Several hon. Members rose—

Mr. Hoon: If hon. Members will forgive me, I wish to make a little progress. I shall give way again in a moment.

We want to achieve that end through the United Nations, without recourse to military action, but we must show Saddam Hussein that we have the resolve to act. Recent history demonstrates that he will not give up his ambitions out of the goodness of his heart. We have to show that we are prepared to back our words with action, however reluctantly. It is for Saddam Hussein to avoid conflict by agreeing to abide by United Nations resolutions, granting genuinely unfettered access to weapons inspectors and obeying international law. The Government have the resolve and the will to act if he is so mistaken as to put the world's determination to the test.

The issue remains a difficult one for all of us. No one takes these decisions lightly or without careful consideration of all the options.
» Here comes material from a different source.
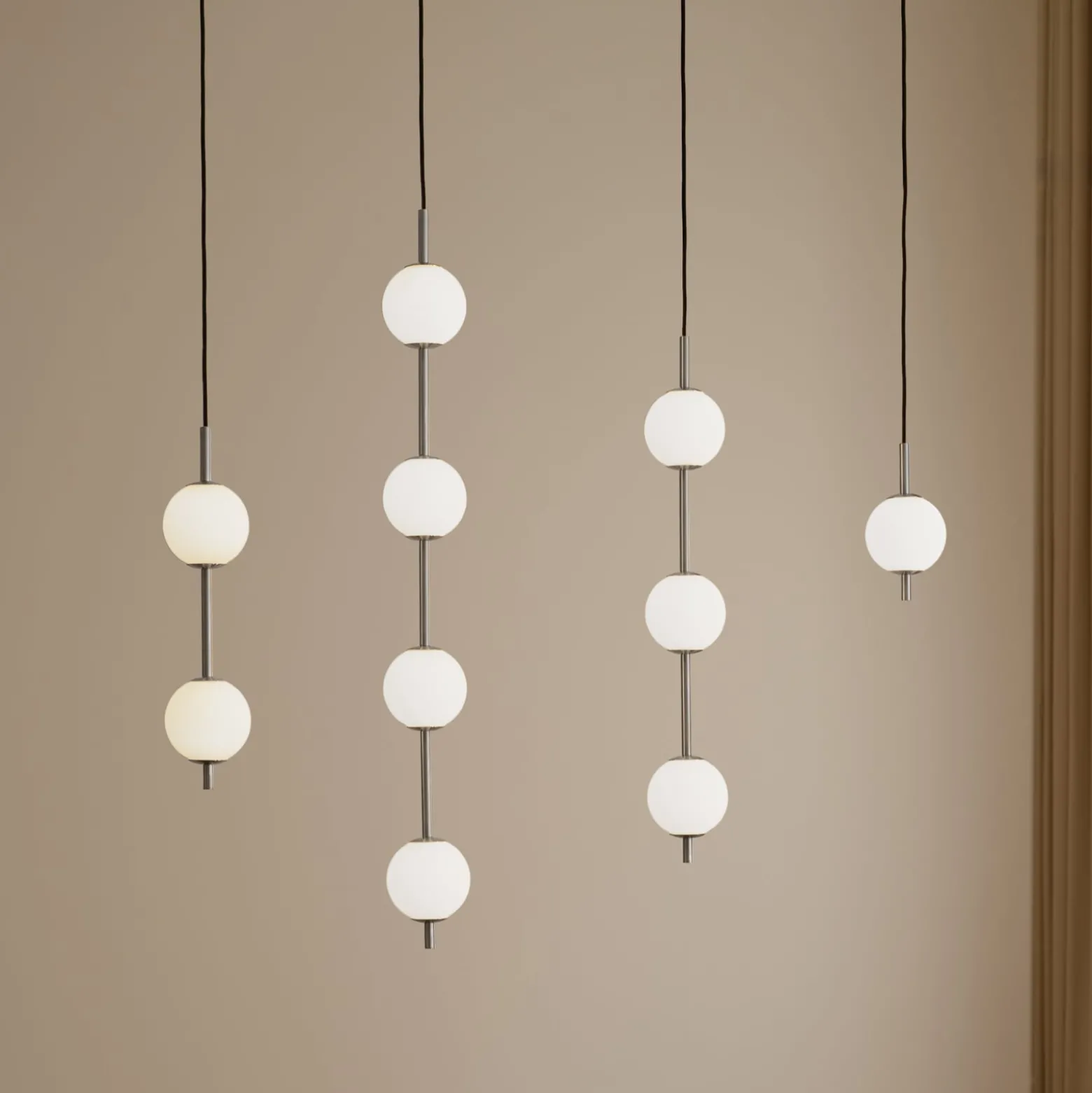 UMAGE LED-Hängeleuchte Audrey, stahlfarben, 1-flg., Ø 12 cm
That is why it is so crucial that we have a clear policy underlying those options.

Mr. Mohammad Sarwar (Glasgow, Govan): President Bush has made it abundantly clear that if the United Nations does not act to punish Iraq, the United States will act alone, with or without UN backing. Does the Secretary of State agree with him? Secondly, does my right hon. Friend agree with me that unilateral action against Iraq will fracture the international coalition? Now is the right time to stop using the words Xinternational community", because only three heads of state support this war: Ariel Sharon and President Bush supported by our Prime Minister.